Let’s assume we are going to allow users to select short passwords. This means that we need to decrease the computeSpeed value which means we need to slow down the computation of the hash. How do we accomplish that?
The way that the security industry has been solving this problem is by continuing to increase the algorithmic complexity, which in turn causes the computer to spend more time generating one-way hashes. Examples of these algorithms include BCrypt, SCrypt, PBKDF2, and others. These algorithms are specifically designed to cause the CPU/GPU of the computer to take an excessive amount of time generating a single hash.

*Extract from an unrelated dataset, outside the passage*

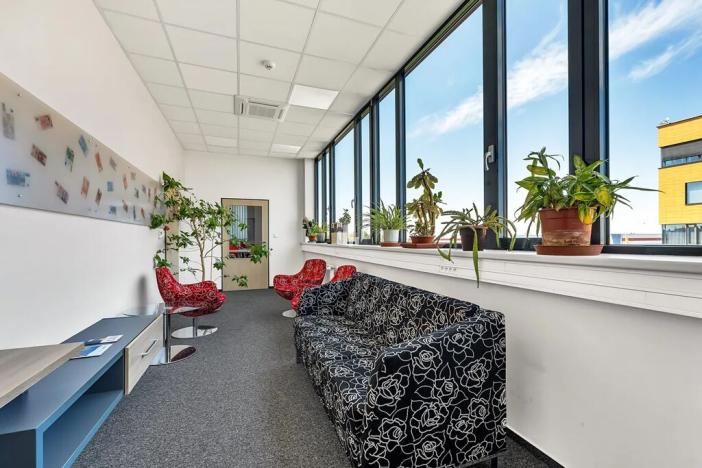 Pronájem kanceláře, Praha - Horní Počernice, Sezemická, 700 m2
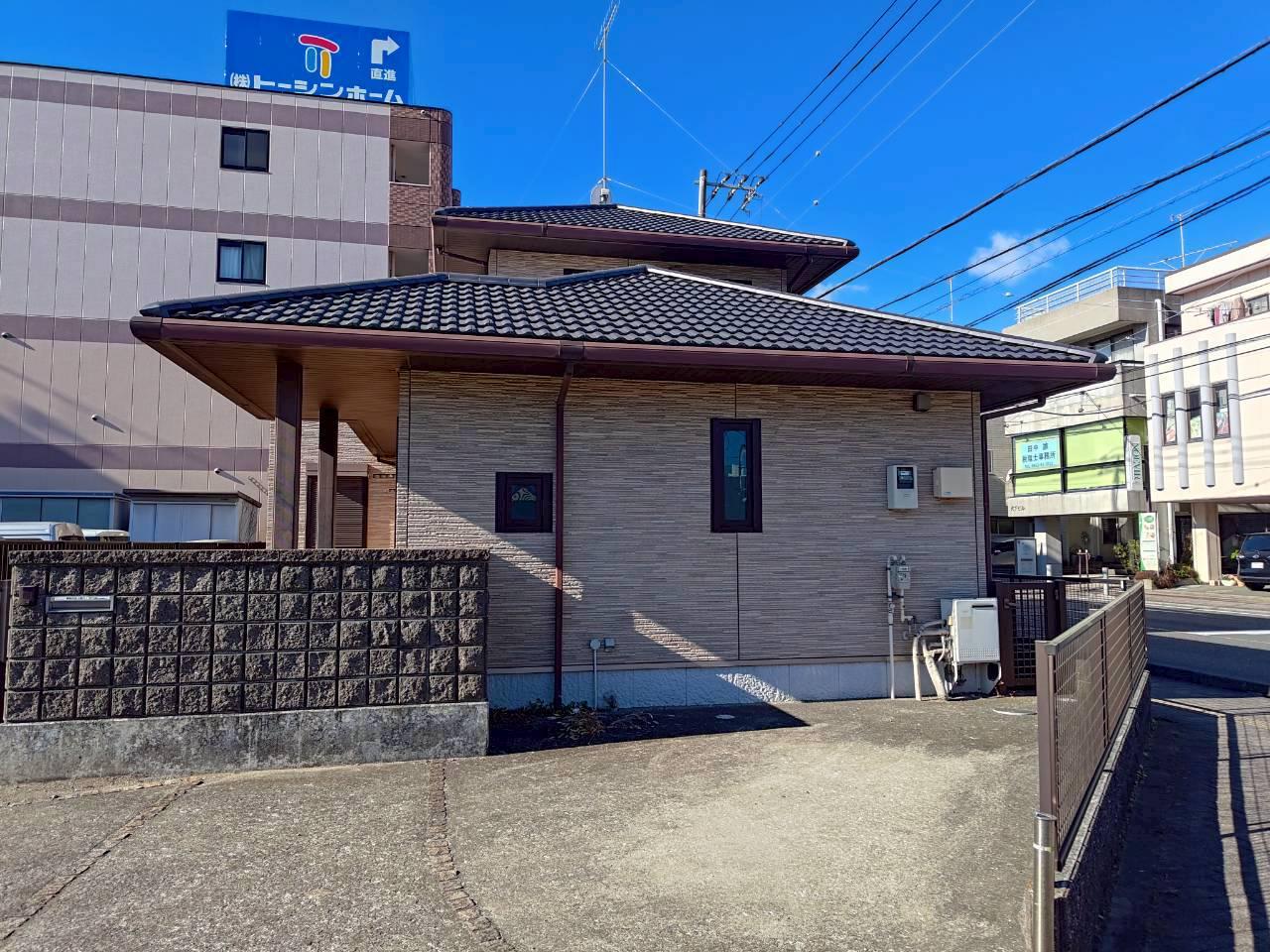 小田急電鉄小田原線 伊勢原駅 徒歩6分 2階建 築21年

If we can reduce the computeSpeed value from 4.4e13 to something much smaller such as 1,000, our compute time for passwords between 6 and 8 characters long become much better. In other words, if we can slow down the computer so it takes longer for each hash it has to generate, we can increase the length of time it will take to calculate all of the possible passwords.
computeSpeed = 1e3
possiblePasswords = 100⁸ + 100⁷ + 100⁶ = 1.0101e16
numberOfSeconds = possiblePasswords / computeSpeed = 10,101,000,000,000 or 10.1 trillion
numberOfMinutes = numberOfSeconds / 60 = 168,350,000,000 or 168.35 billion
numberOfHours = numberOfMinutes / 60 = 2,805,833,333 or 2.8 billion
numberOfDays = numberOfHours / 24 = 116,909,722 or 116.9 million
numberOfYears = numberOfDays / 365 = 320,300
Not bad. By slowing down the hash computation, we have increased the time from 4 minutes using our Bitcoin rig to 320,300 years. In this comparision you can see the practical difference between using SHA2 and BCrypt. BCrypt is purpose built to be extremely slow in comparison to SHA2 and other more traditional hashing algorithms.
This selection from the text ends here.